DATA SUPPLIED

___

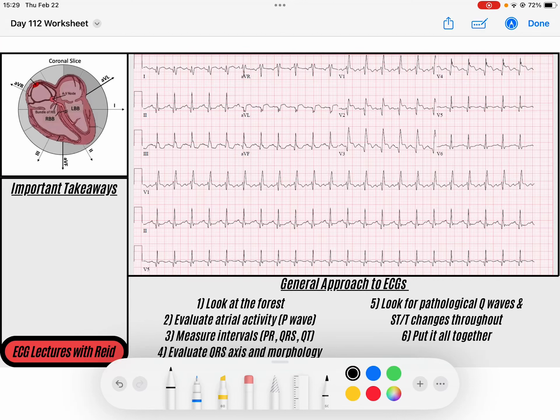Hey everybody, welcome back to the ECG channel. My name is Reed. Don't forget to download the PDF down in the description below so you can follow along — it's this exact document so you can make your own notes, save it for later, and share it with your friends. Don't forget to subscribe to the channel if you like the content. This is a really fun ECG, so I'm super excited.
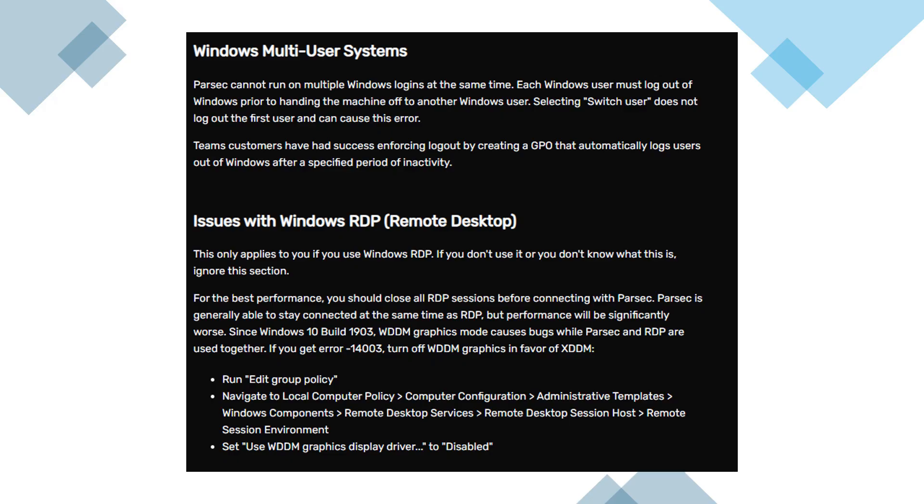In team environments, administrators often create group policies to automatically log users out after a period of inactivity.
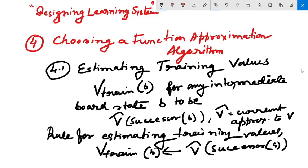While it may seem strange to use the current version of V-cap to estimate training values that will be used to refine this very same function, notice that we are using estimates of the value of the successor state V-cap(successor(b)) to estimate the value of board state b. Intuitively this makes sense if V-cap tends to be more accurate for board states closer to the game's end.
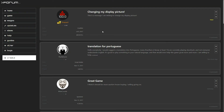After that you might have to refresh the game, and you'll have your new display picture all ready to go.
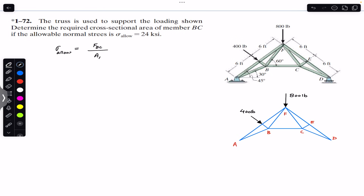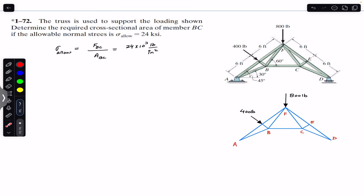The area of BC is given as 24 ksi, which is 24 × 10³ pound per inch square. We want to find the cross-sectional area of member BC. In order to find that, we must first find the force applied on member BC. For that, we must apply engineering statics concepts of structural analysis to find F_BC.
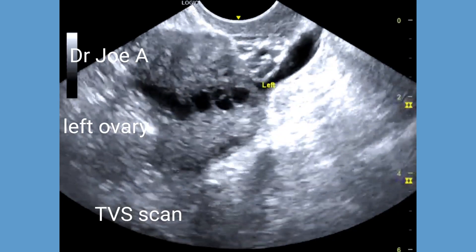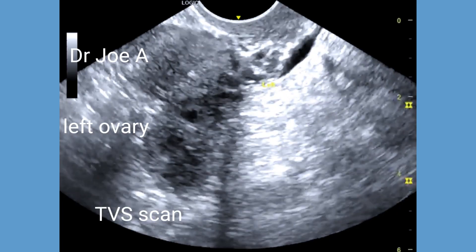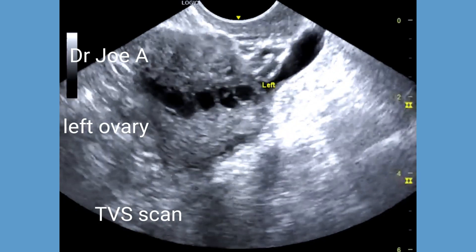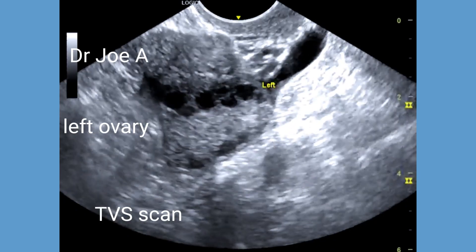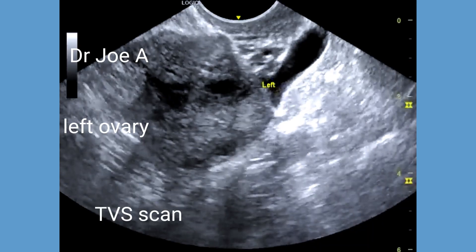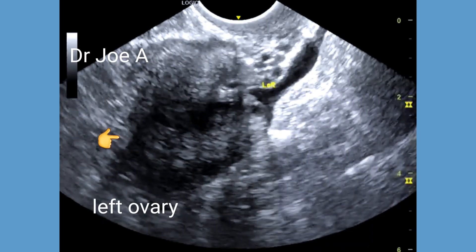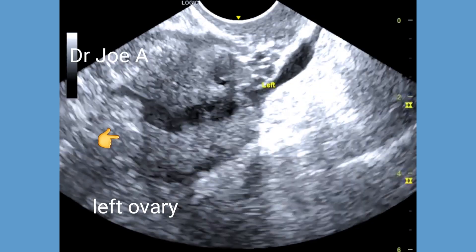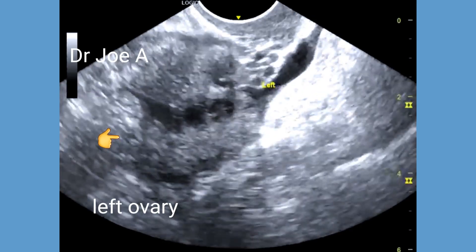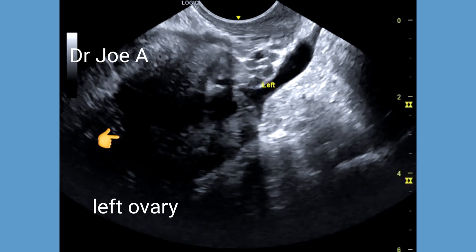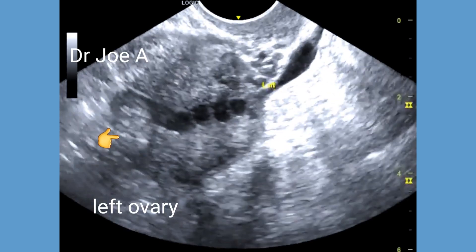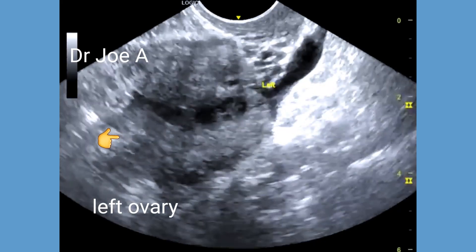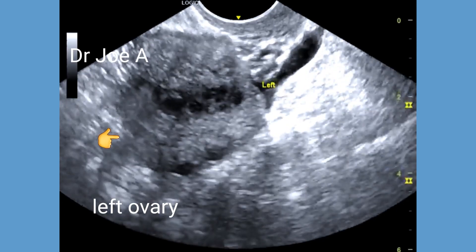Transvaginal ultrasound also confirms the above findings. There are multiple follicles along the rim of the left ovary with a grossly enlarged ovarian volume. Probe pressure produces mild tenderness over the affected ovary.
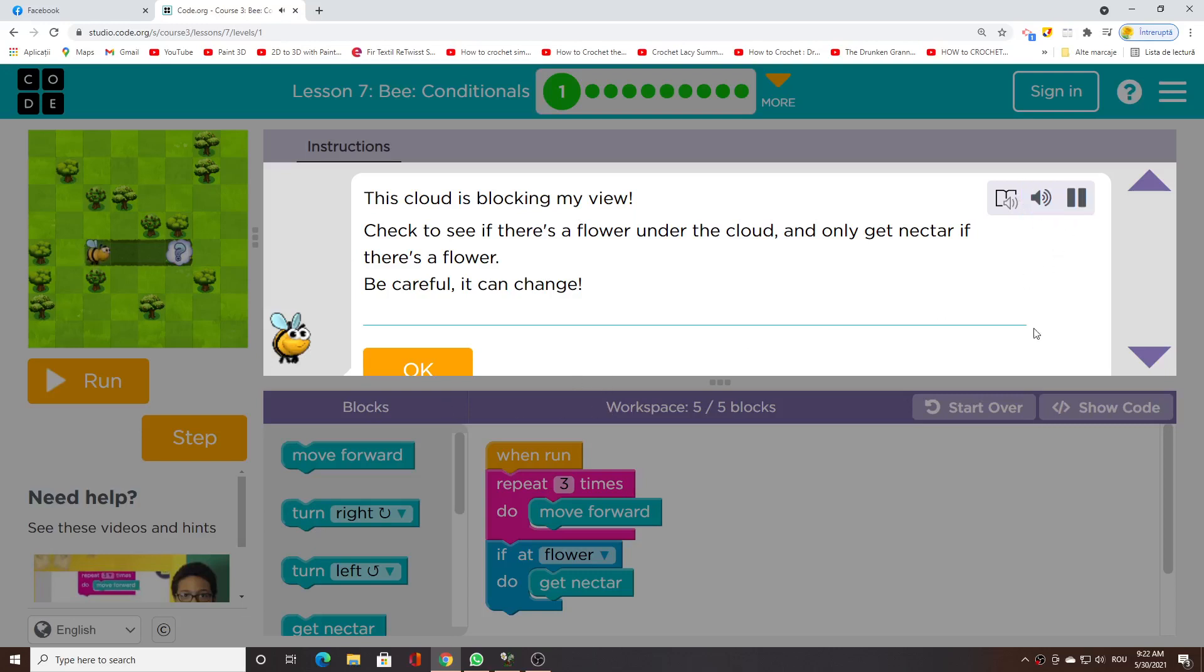This cloud is blocking my view. Check to see if there's a flower under the cloud, and only get nectar if there's a flower. Be careful, it can change.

___

Set the pictures aside and retype exactly the lines above from the line with "The area of" to the line with "Transvaginal ultrasound also", both included, adding no others.

THE COMPLETED TASK
The area of BC is given as 24 ksi, which is 24 × 10³ pound per inch square. We want to find the cross-sectional area of member BC. In order to find that, we must first find the force applied on member BC. For that, we must apply engineering statics concepts of structural analysis to find F_BC.
Transvaginal ultrasound also confirms the above findings. There are multiple follicles along the rim of the left ovary with a grossly enlarged ovarian volume. Probe pressure produces mild tenderness over the affected ovary.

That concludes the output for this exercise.